Task instructions:
Leave every image out, and return the rest of the data word for word.

Recorded information section start

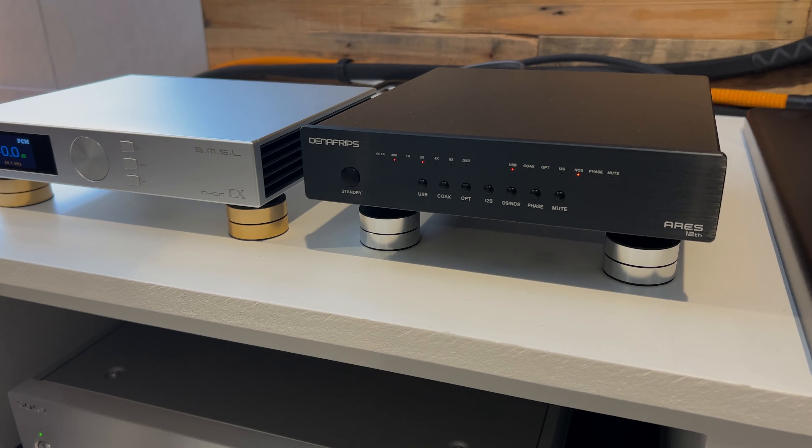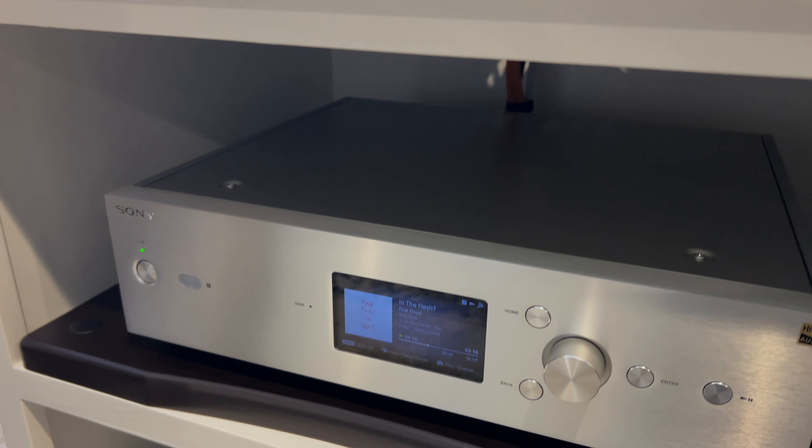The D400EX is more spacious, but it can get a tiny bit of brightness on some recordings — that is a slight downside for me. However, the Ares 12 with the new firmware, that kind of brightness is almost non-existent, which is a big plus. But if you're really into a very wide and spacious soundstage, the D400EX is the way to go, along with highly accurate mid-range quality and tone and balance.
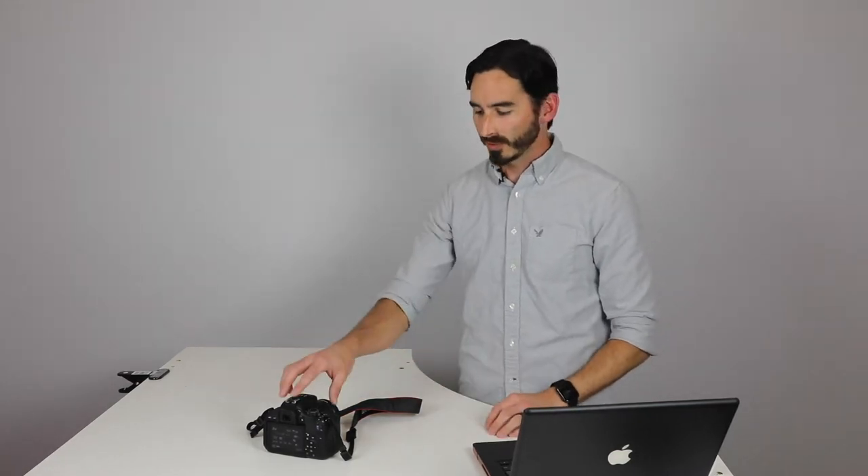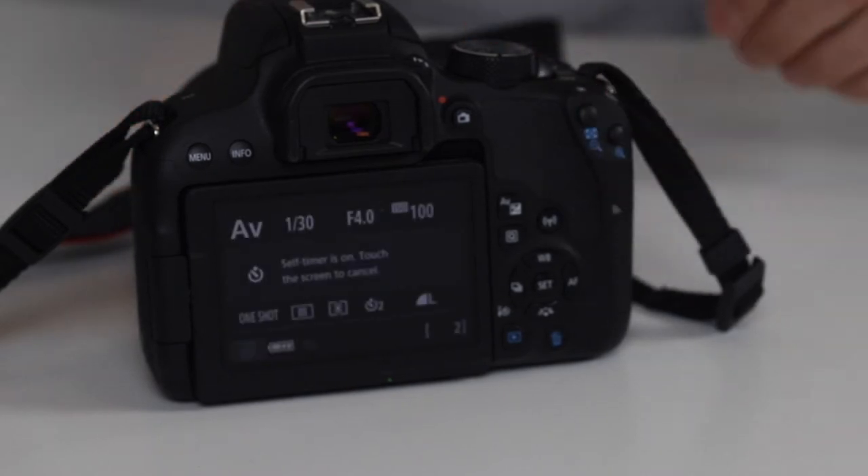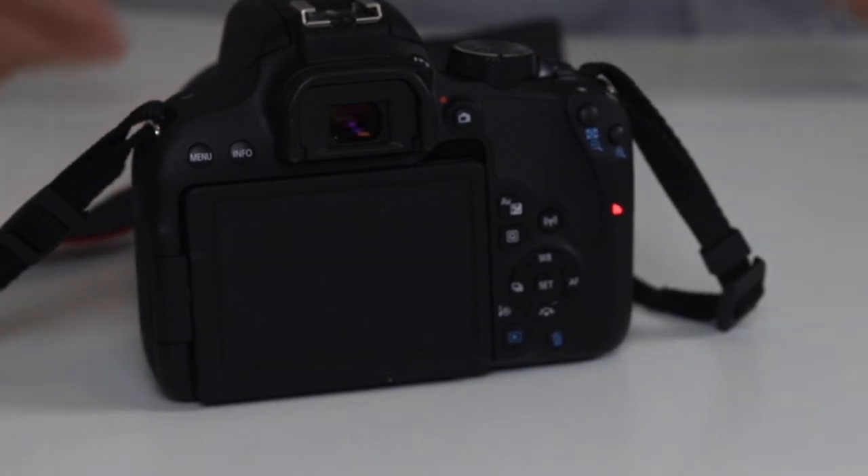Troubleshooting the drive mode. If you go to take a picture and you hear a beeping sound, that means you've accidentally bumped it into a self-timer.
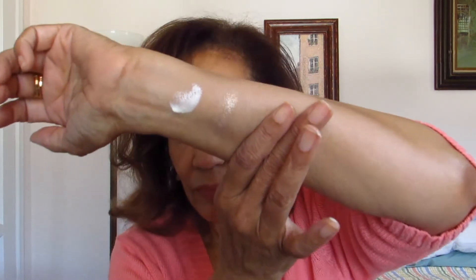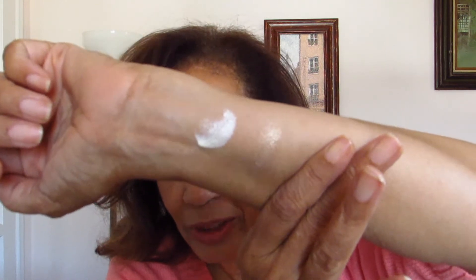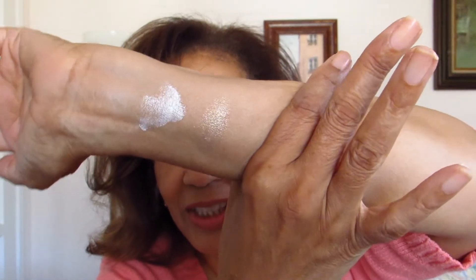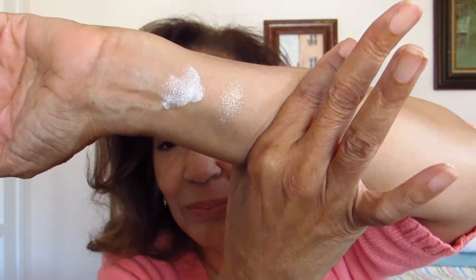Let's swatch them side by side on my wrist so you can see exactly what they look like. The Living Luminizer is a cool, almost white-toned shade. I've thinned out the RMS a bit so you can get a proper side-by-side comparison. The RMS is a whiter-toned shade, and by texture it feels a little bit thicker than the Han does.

Recorded information section end

Completed exercise:
The D400EX is more spacious, but it can get a tiny bit of brightness on some recordings — that is a slight downside for me. However, the Ares 12 with the new firmware, that kind of brightness is almost non-existent, which is a big plus. But if you're really into a very wide and spacious soundstage, the D400EX is the way to go, along with highly accurate mid-range quality and tone and balance.
Troubleshooting the drive mode. If you go to take a picture and you hear a beeping sound, that means you've accidentally bumped it into a self-timer.
Let's swatch them side by side on my wrist so you can see exactly what they look like. The Living Luminizer is a cool, almost white-toned shade. I've thinned out the RMS a bit so you can get a proper side-by-side comparison. The RMS is a whiter-toned shade, and by texture it feels a little bit thicker than the Han does.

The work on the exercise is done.